- **PROMPT**: Below, some lines carry pictures; leave those pictures out and retype exactly the lines from the one with "もっともお祈りしたいことに使う御賽銭の額" through the one with "Identidad Digital académico".

- **MATERIALS PROVIDED**:
============

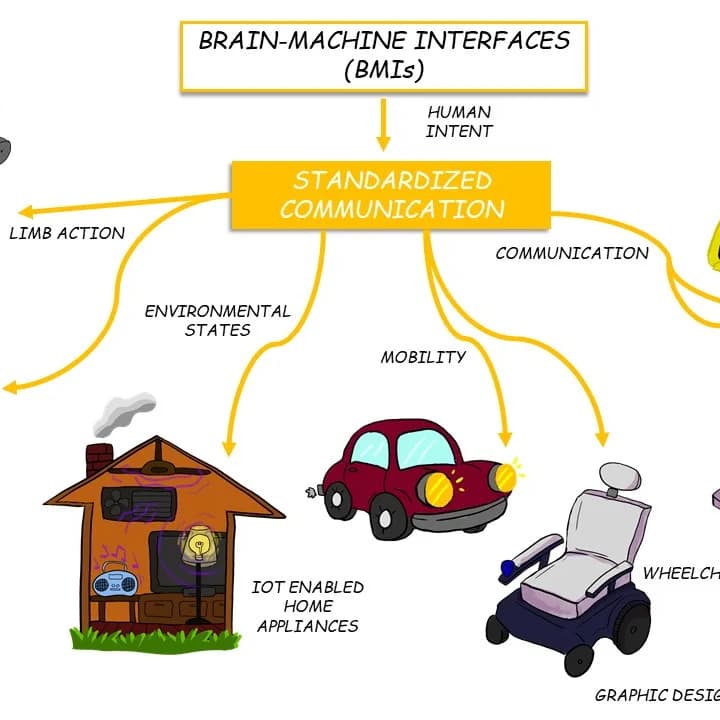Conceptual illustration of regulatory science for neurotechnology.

============

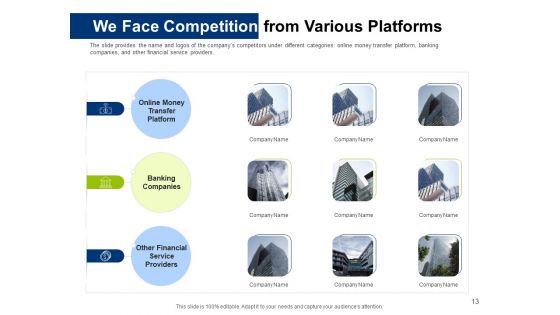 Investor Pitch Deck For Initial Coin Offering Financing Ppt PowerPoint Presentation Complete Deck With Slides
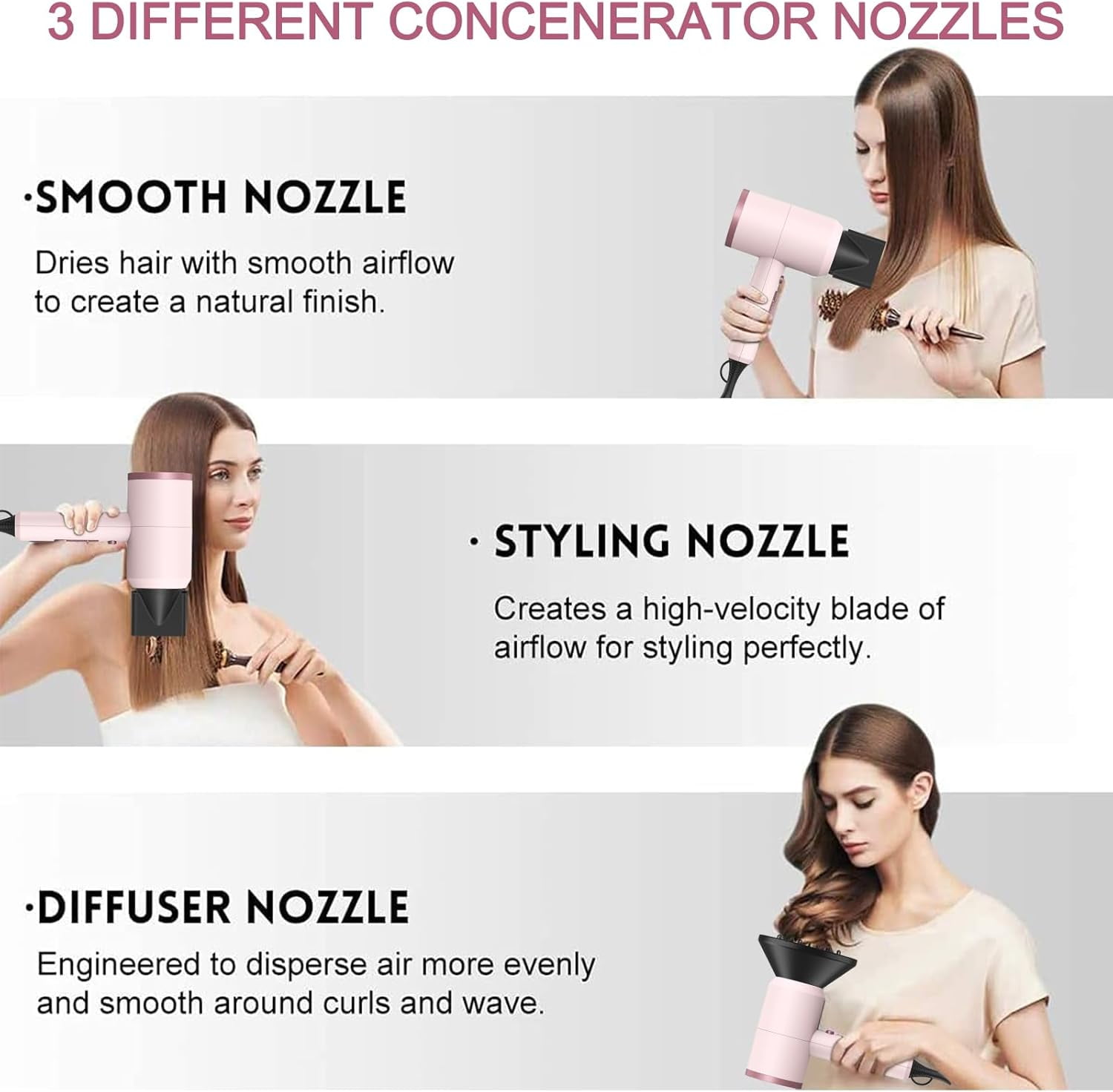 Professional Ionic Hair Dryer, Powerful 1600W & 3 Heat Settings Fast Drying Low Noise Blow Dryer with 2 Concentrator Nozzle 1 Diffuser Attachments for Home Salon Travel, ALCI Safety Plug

============

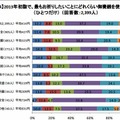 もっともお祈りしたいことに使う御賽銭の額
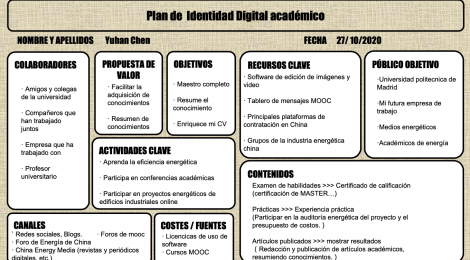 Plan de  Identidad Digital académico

============

- **TASK OUTPUT**:
 もっともお祈りしたいことに使う御賽銭の額
 Plan de  Identidad Digital académico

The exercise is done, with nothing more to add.